_YOUR GOAL:_ The result should be the lines from the one holding "Actual product image" to the final line of the records below, repeated exactly and with no pictures.

[Image-caption web data]
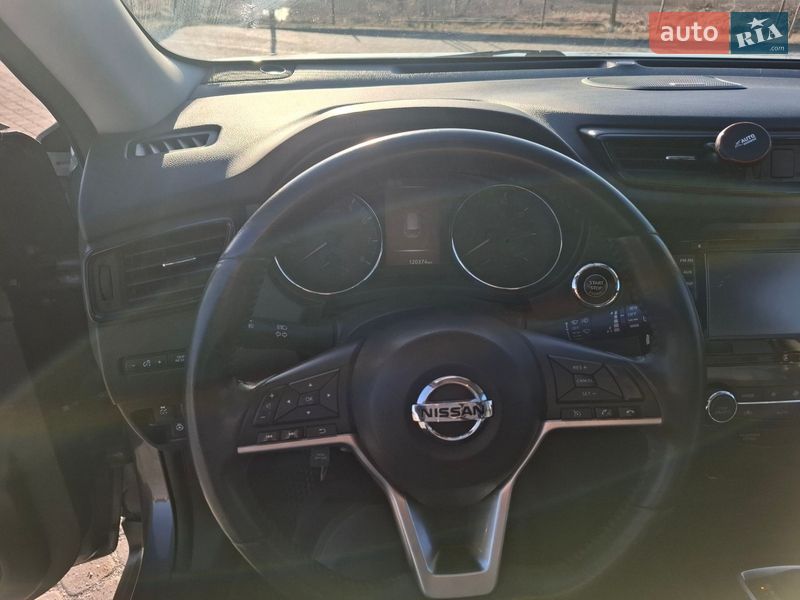 Внедорожник / Кроссовер Nissan Rogue 2016 в Шепетовке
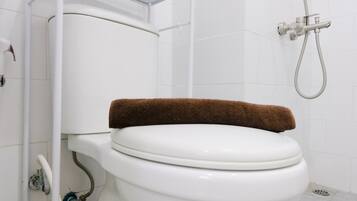 Apartment | Bathroom | Shower, free toiletries, towels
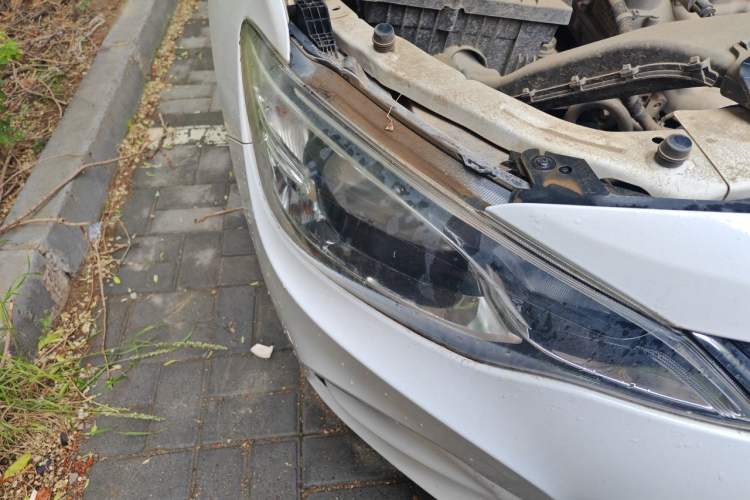 Used Chevrolet Cavalier 2019 320 Manual Enjoyment Edition Right Front Headlight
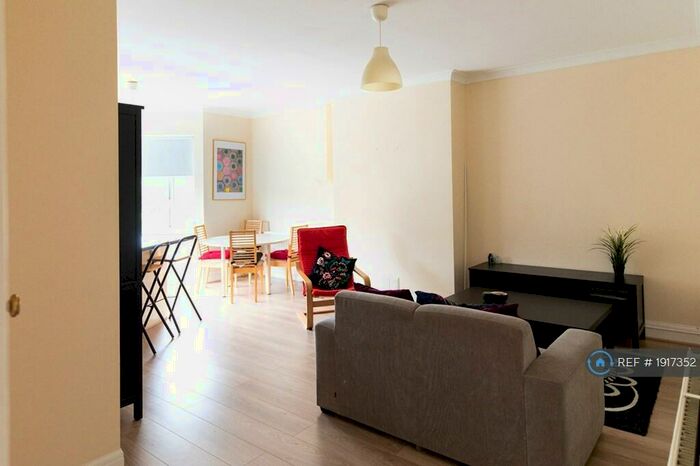 1 Bedroom Flat To Rent In Somali Road, London, NW2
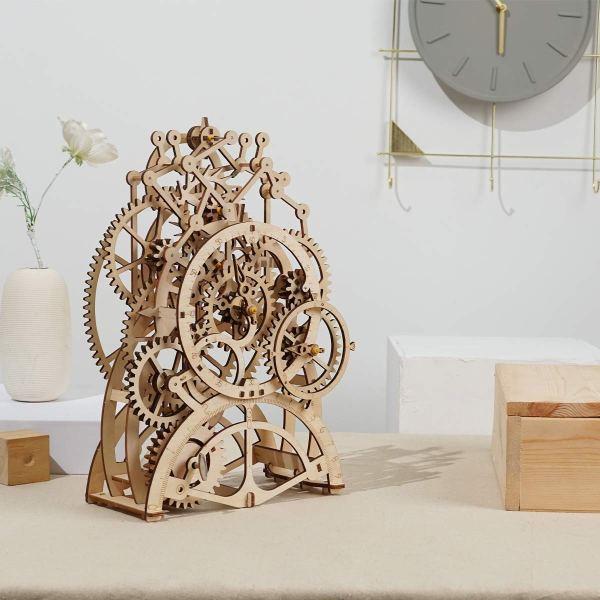 Actual product image Robotime Wooden clockwork kit (166 pieces)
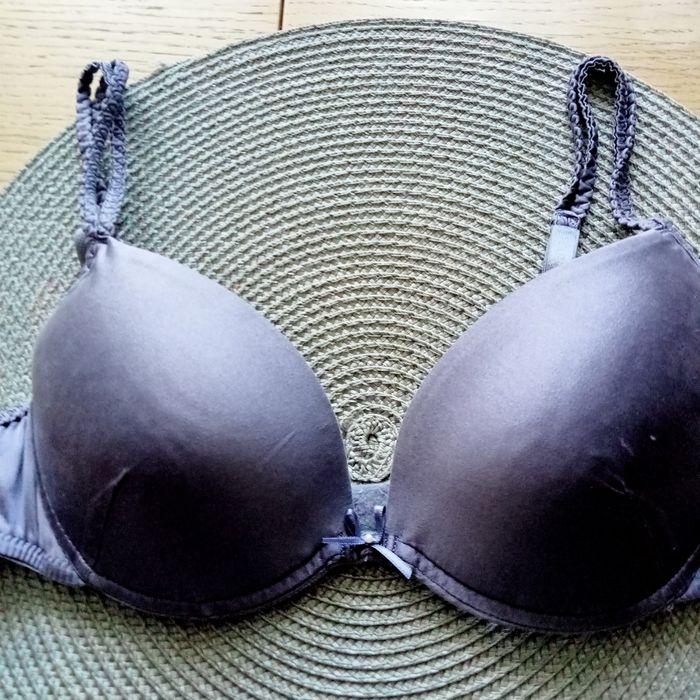 Biustonosz z kieszonkami na wkładki Intimissimi 70B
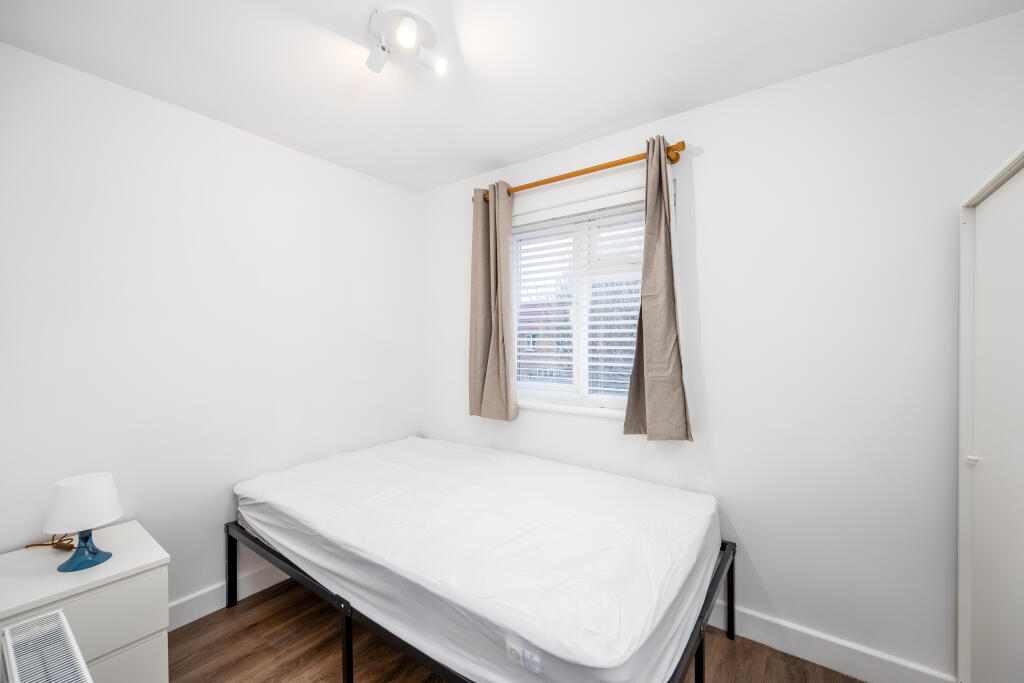 Main image of property: Room 5, 104 Kynaston Avenue, Aylesbury, Buckinghamshire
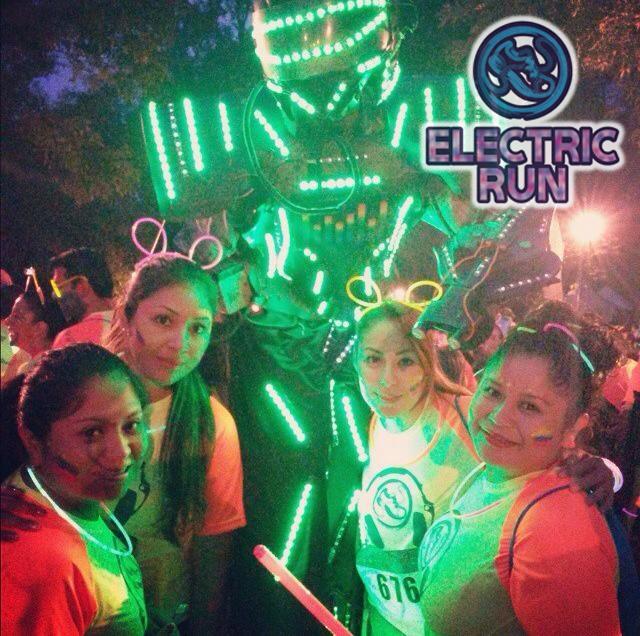 ElectricRunTour's tweet photo. Así de guapas las #ElectroRunners a punto de iniciar #ElectricRunMéxico http://t.co/XB5Xr1TCWm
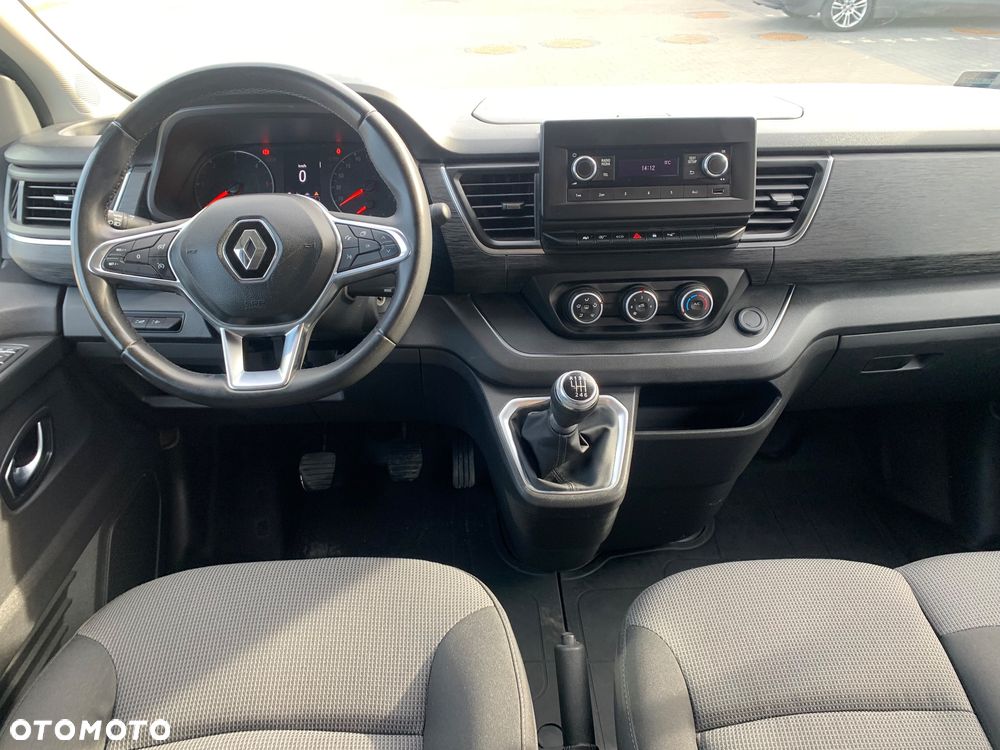 Renault Trafic 2.0 dCi - 11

_EXPECTED ANSWER:_
 Actual product image Robotime Wooden clockwork kit (166 pieces)
 Biustonosz z kieszonkami na wkładki Intimissimi 70B
 Main image of property: Room 5, 104 Kynaston Avenue, Aylesbury, Buckinghamshire
 ElectricRunTour's tweet photo. Así de guapas las #ElectroRunners a punto de iniciar #ElectricRunMéxico http://t.co/XB5Xr1TCWm
 Renault Trafic 2.0 dCi - 11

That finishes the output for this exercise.